Esta actitud antidemocrática sorprende porque en ese país desde hace más de dos siglos no se registraba un episodio parecido. En América Latina es frecuente. Néstor Kirchner nunca reconoció la derrota que sufrió en 2009. Su esposa, en 2015, protagonizó un sainete parecido, pero incruento, cuando se negó a ceder los atributos del mando al presidente elegido por la ciudadanía. Pero dos años después sus diputados alentaron a una movilización violentísima destinada a impedir la sesión parlamentaria donde se iba a aprobar una reforma jubilatoria. Evo Morales, que pasó por encima de la Constitución, intentando una reelección que no estaba contemplada, ante la movilización en las calles renunció anticipadamente a la presidencia y denunció un golpe de Estado nunca verificado. En Venezuela, una crisis política y económica muy profunda facilitó el triunfo del chavismo y, tras la muerte del líder, Hugo Chávez, lo que quedaba de las instituciones y hasta el sentido común naufragaron.
Y en este punto aparece un factor esencial para la institucionalidad: la credibilidad. Pero no es la credibilidad de un presidente o un partido, sino de un sistema completo.

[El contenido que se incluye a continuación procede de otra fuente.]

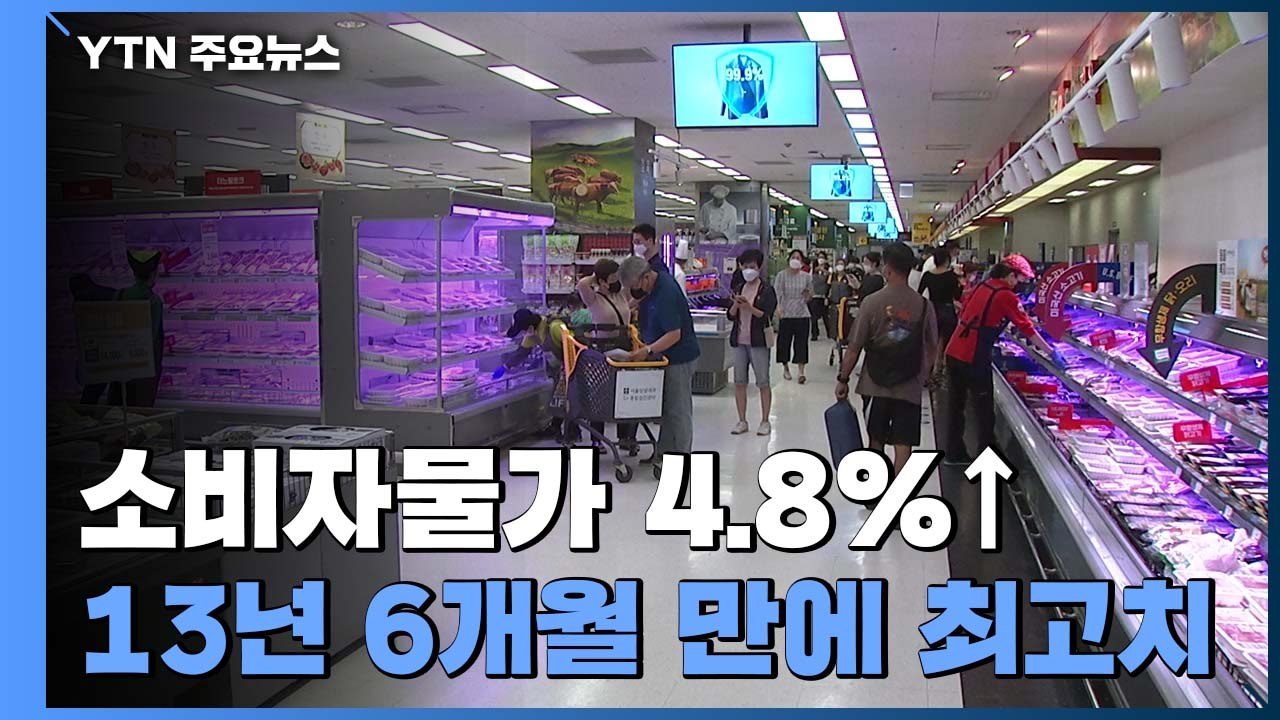 물가 4.8% 상승 '13년 만에 최고'..."가격 인상 압박" / YTN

Los seguidores de Trump que invadieron el Capitolio con disfraces atávicos estaban movidos por los mensajes del presidente, pero también por las cadenas de comunicaciones que describen a los demócratas en términos satánicos. Los mensajes apocalípticos son siempre argumentos de la violencia más irracional. La idea que repiten esos tuits, de la destrucción inminente y planificada de todos los valores evoca a Torquemada y a Savonarola, autopercibidos "iluminados" del siglo XV, o los ayatollah de Irán, que hace un mes ejecutaron a un periodista porque los criticaba.
Nada permite ver en Donald Trump a un líder religioso ni a un virtuoso de la moral, pero genera fanatismo.
En Estados Unidos y en el mundo, el crecimiento económico y la expansión de China, la certeza de que el centro de la civilización comienza a desplazarse hacia el Océano Pacífico y la sensación de un reacomodamiento mundial alimentan temores fóbicos.
Pero en este caso el temor más grande, el componente "satánico", nace del crecimiento del progresismo posmarxista, que aterra a los conservadores ante la inmigración, la fluctuación de valores civilizatorios, la perspectiva de género, los derechos de los homosexuales, los derechos de los grupos crecientes de excluidos y hasta la misma Europa.
El pensamiento "deconstructivo", antioccidental, sobreactuado en muchos sectores con pretensiones refundacionales, desborda el ámbito académico, influye en la política y tiene su contrapartida en los fundamentalismos de otro signo, los reaccionarios.
El mundo del siglo XXI navega en el desconcierto.
Trump puso en jaque a las instituciones de la democracia más antigua. Pero el problema de fondo es la transformación de las relaciones entre naciones y culturas.
La globalización económica, la democracia representativa y hasta los organismos internacionales están en crisis y esa crisis estalla, cada vez con más frecuencia y virulencia, en cualquier punto del planeta.